“Well, I’m sure I’m sorry for that,” says Donal, “and I’ll make certain that I’ll bury her decently enough this time.”

So Jack went with him to help him bury her this day again, and he saw Donal put a purse of fifty sovereigns under her head. “Now,” says Donal, says he, “she’ll surely not come back to bother me.”

But that night Jack went to the graveyard and raised the body again, and got the fifty pounds. And he took the body then with him on his shoulder off to Donal’s, and he went into the stables, and he put the body sitting on the finest big horse in Donal’s stable, and he tied it there, and he tied a sword into its hand. Now Donal was to have gone off next morning, riding on a little black mare that was a favorite of his, to the town to pay the accounts of the funeral; and Jack, he had known this, and when Donal came down in the very early morning, when it was still dark, he went into the stable, and he took out the little black mare.

The horse on which Jack had tied the old woman was a great companion of this little black mare, and both of them used to run on the grass together; so when the little black mare was taken out by Donal, the horse (which Jack had left loose) trotted out after.
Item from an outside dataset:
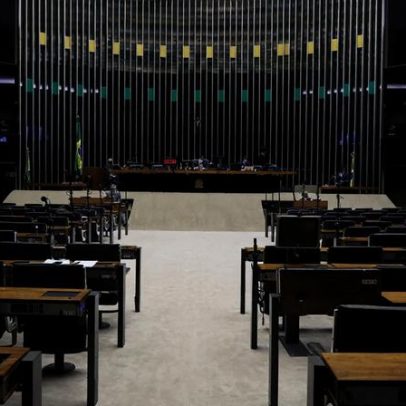 Copa do Mundo e São João podem reduzir votações no Congresso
When Donal saw the appearance of the horse coming out of the stable, and on its back the old mother-in-law with the sword lifted up in her hand, he gave a yell, and he jumped up on the mare, and off as fast as he could gallop.

Off after the little mare the big horse started, and the faster Donal went, the faster came the big horse trotting behind him; and every time he looked over his shoulder, there he saw his old mother-in-law with the sword lifted, ready, as he thought, to cut him down, and all that he could do, he couldn’t gain ground.

Jack, he was prepared for all this. He was concealed half a mile along the way, and when Donal came tearing up he came out of where he was concealed, and said to Donal: “What’s the matter?”

And Donal pointed back, and Jack he leaped and got hold of the big horse and stopped it, and led it back home, and took the old woman off its back.

When Donal ventured home again, he was in very low spirits entirely, and he said that if his mother-in-law was going to rise every time she was buried and haunt him all the days of his life, he might as well end his life at once.